◆ **RECORDS FOR THE TASK**
+--

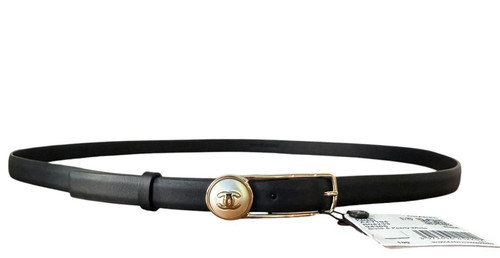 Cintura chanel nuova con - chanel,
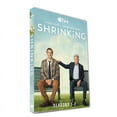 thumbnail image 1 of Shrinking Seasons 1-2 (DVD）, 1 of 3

+--

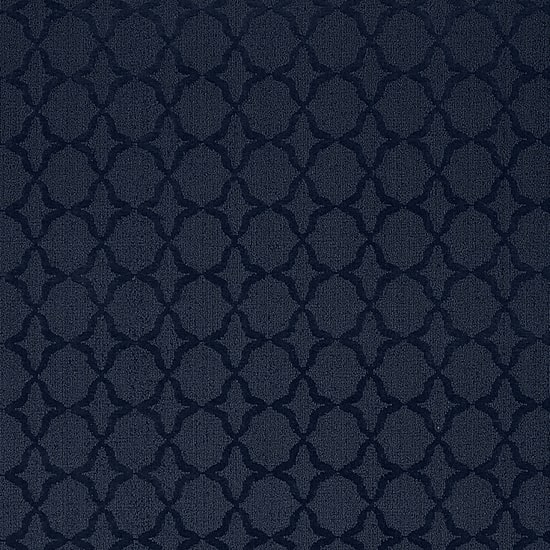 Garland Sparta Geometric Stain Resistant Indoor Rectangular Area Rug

+--

◆ **TASK DETAILS**
In the records above, find the line with "Cintura chanel nuova" and the line with "thumbnail image 1", then restate word for word only those two lines and all lines between, omitting pictures.

◆ **YOUR SOLUTION**
 Cintura chanel nuova con - chanel,
 thumbnail image 1 of Shrinking Seasons 1-2 (DVD）, 1 of 3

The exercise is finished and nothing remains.